Pyruvate kinase native gel activity assay
The 8% native gel system was the same as described by Doucet et al. (1990) except that the SDS was omitted. Activity staining of pyruvate kinase was performed by the protocol detailed by Rivoal et al. (2002) with some modifications. Briefly, the electrophoresis was run for 2 h at 120 V and 4°C. After that, the gel was immediately equilibrated in 25 ml of 50 mm Hepes-KOH, pH 6.9, 25 mm KCl, 10 mm MgCl2, 1 mm DTT, and 5% (w/v) PEG 8000 for 15 min at room temperature. The gel was developed in the same buffer containing 2 mm PEP, 1 mm ADP, 0.2 mm NADH, and 4 units ml−1 lactate dehydrogenase. After incubation for 10 min at room temperature, the stained gel was photographed on the UV transilluminator. The active PyrKinc appeared in dark bands against the fluorescent background.

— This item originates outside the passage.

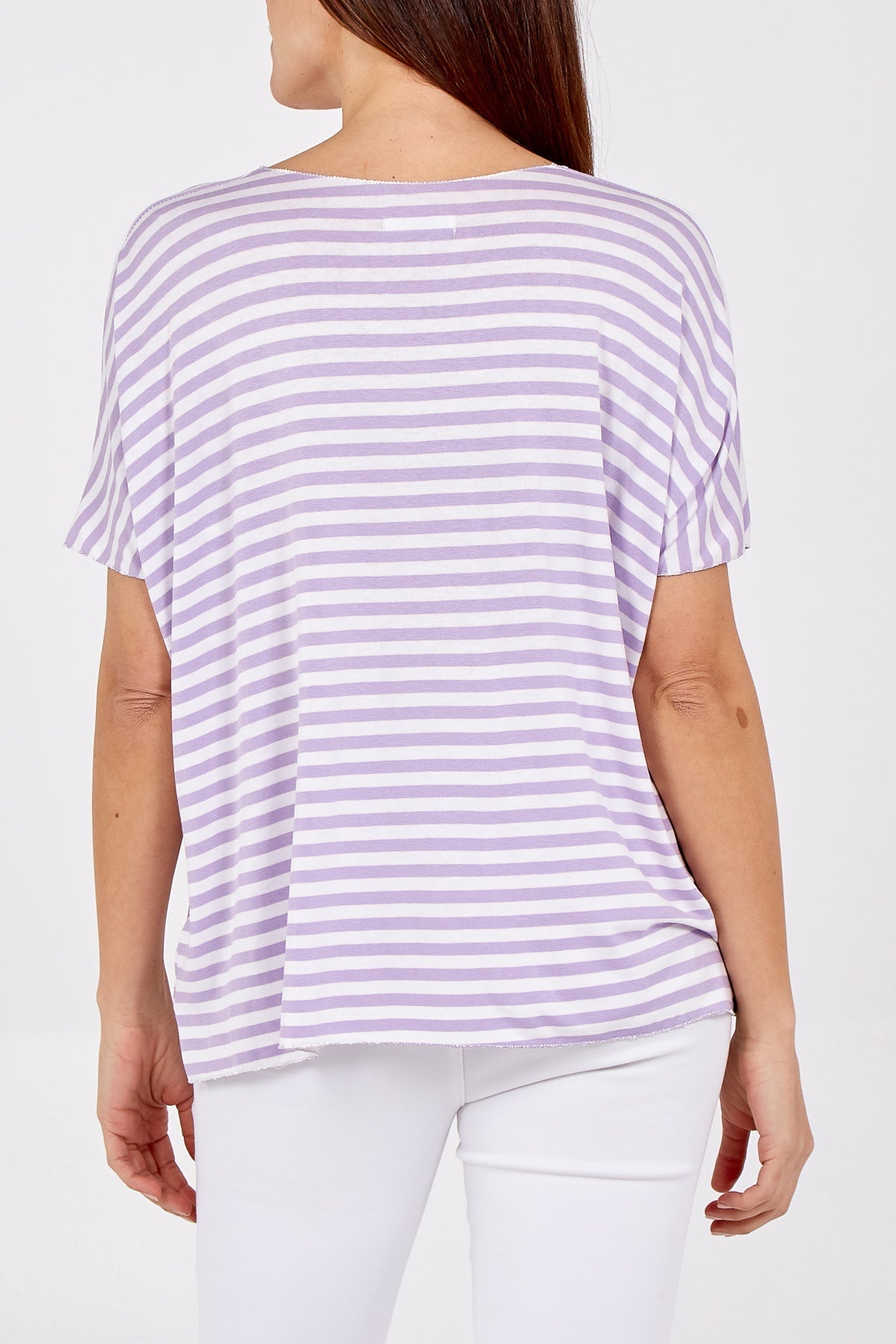 V-Neck Stripe T-Shirt For Women  - Dropwear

This research represents cooperative investigations of the US Department of Agriculture (USDA), Agricultural Research Service, and the North Carolina Agricultural Research Services. Mention of a trademark or proprietary product does not constitute a guarantee or warranty of the product by the USDA or the North Carolina Agricultural Services and does not imply its approval to the exclusion of other products that might also be suitable. The research was supported in part by fund from the United Soybean Board (project number 1240) and the US Department of Energy (Grant DE-AI05–91ER20031 to SCH).